Efficient INSERT ON DUPLICATE KEY UPDATE
Comments enabled. I *really* need your comment
From Stack Overflow:
I'm implementing a memory cache for a table in MySQL that looks like this:
item1 item2 cnt The original table includes millions of pairs like this and updates rapidly.
To make it all more efficient I want to write new pairs to an identical memory table and update the real table on disk periodically by cron.
The cron should do the following: for each pair, if there is similar pair in the non-memory table, increase the count by the count from the memory table.
If no such pair exists, create it with count from the memory table.
How can I make the flush (from memory table to real table) most efficient?
This is of course best achieved with INSERT ON DUPLICATE KEY UPDATE
.
It's a MySQL flavor of INSERT
operator that automatically handles key violations and updates the row that causes a violation instead of inserting.
If we provide a SELECT
statement as a row source for INSERT ON DUPLICATE KEY UPDATE
, multiple input rows may cause the key violation on the target row. In this case, the target row will be updated many times.
To achieve the desired result, we have two options:
- Use the memory table as a row source for
INSERT ON DUPLICATE KEY UPDATE
as is. The target rows will be updated multiple times. - Aggregate the counters in the memory table and use the aggregated values as the row source. The target rows will be updated at most once.

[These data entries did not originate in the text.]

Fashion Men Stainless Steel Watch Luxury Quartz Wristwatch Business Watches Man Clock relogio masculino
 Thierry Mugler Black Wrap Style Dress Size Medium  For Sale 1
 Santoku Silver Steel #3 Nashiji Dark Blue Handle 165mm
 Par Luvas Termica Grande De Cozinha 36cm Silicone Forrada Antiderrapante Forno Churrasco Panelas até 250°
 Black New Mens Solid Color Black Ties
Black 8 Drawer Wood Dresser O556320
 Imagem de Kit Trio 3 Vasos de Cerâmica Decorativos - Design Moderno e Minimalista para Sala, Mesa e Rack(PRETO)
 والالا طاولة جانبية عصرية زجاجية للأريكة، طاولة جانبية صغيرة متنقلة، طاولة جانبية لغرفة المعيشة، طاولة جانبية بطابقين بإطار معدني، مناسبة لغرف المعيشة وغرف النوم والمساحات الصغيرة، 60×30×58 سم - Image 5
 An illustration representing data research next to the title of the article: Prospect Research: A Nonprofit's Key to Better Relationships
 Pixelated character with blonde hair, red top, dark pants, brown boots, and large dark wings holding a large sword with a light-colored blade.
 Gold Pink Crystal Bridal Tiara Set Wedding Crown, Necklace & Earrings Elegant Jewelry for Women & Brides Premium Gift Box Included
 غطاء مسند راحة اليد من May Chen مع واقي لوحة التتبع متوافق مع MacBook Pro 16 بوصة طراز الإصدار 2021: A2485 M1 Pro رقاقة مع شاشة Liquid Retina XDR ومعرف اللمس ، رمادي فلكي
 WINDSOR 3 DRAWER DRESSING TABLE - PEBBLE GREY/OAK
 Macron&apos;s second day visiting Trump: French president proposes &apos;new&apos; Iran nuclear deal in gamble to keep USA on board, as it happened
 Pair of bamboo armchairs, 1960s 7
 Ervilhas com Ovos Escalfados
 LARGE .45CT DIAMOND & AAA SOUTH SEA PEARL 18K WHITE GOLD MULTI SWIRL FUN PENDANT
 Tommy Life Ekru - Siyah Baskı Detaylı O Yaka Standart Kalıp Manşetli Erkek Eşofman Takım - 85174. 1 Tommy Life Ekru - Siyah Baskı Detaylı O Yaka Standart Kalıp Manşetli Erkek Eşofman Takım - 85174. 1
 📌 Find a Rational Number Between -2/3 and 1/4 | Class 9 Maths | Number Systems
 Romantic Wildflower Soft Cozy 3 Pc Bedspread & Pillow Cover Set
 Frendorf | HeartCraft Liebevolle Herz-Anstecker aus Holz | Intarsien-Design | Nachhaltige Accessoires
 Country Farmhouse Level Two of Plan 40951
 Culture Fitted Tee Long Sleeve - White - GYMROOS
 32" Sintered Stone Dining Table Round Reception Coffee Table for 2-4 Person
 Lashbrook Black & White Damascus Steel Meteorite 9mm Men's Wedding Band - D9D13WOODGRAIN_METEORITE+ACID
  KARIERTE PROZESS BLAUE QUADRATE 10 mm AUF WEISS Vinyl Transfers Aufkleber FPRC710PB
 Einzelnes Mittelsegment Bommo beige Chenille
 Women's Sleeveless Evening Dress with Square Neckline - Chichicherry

The first solution will update the rows many times (which can be slow), while the second one involves some overhead on GROUP BY
.
Let's create the sample tables and see which one is more efficient:
CREATE TABLE filler ( id INT NOT NULL PRIMARY KEY AUTO_INCREMENT ) ENGINE=Memory; CREATE TABLE t_target ( id INT NOT NULL PRIMARY KEY, cnt INT NOT NULL ) ENGINE=InnoDB DEFAULT CHARSET=UTF8; CREATE TABLE t_dense ( id INT NOT NULL PRIMARY KEY, target INT NOT NULL, cnt INT NOT NULL, KEY ix_dense_target (target) ) ENGINE=Memory; CREATE TABLE t_sparse ( id INT NOT NULL PRIMARY KEY, target INT NOT NULL, cnt INT NOT NULL, KEY ix_sparse_target (target) ) ENGINE=Memory; DELIMITER $$ CREATE PROCEDURE prc_filler(cnt INT) BEGIN DECLARE _cnt INT; SET _cnt = 1; WHILE _cnt <= cnt DO INSERT INTO filler SELECT _cnt; SET _cnt = _cnt + 1; END WHILE; END $$ DELIMITER ; START TRANSACTION; CALL prc_filler(100000); COMMIT; INSERT INTO t_target SELECT id, 1 FROM filler; INSERT INTO t_dense SELECT id, id, (RAND(20090627) * 10000) + 1 FROM filler; INSERT INTO t_sparse SELECT id, FLOOR((id - 1) / 1000) + 1, (RAND(20090627) * 10) + 1 FROM filler;
We create one target table (InnoDB) and two source tables (Memory).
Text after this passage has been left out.